▸ WHAT YOU SHOULD DO:
Show every line of the data that contains the string "Bakım".

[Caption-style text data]

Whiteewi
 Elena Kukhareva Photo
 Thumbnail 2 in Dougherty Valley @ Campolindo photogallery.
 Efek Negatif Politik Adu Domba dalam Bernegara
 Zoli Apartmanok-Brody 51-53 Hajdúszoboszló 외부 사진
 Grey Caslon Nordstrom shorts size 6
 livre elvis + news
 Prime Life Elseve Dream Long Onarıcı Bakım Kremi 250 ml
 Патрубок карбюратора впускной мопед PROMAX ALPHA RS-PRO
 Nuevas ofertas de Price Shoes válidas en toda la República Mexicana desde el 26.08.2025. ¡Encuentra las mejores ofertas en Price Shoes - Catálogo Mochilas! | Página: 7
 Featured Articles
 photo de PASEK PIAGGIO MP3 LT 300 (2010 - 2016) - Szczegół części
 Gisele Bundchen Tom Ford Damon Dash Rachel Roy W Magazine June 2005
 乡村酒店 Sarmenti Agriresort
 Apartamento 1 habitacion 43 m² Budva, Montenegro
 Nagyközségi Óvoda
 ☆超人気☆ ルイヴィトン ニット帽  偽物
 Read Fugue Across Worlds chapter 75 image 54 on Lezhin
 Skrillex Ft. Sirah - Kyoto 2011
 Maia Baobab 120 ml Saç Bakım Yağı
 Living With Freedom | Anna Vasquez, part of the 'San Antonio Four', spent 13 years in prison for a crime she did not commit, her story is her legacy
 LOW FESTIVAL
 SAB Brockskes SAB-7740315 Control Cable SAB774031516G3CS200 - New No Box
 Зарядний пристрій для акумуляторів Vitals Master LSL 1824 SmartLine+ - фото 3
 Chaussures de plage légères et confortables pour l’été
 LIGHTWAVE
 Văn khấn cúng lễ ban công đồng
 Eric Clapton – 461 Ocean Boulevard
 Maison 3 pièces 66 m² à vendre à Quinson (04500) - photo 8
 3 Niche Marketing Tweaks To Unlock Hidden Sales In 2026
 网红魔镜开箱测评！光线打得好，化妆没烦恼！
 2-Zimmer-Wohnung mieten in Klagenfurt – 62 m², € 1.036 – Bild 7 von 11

▸ EXERCISE ANSWER:
 Prime Life Elseve Dream Long Onarıcı Bakım Kremi 250 ml
 Maia Baobab 120 ml Saç Bakım Yağı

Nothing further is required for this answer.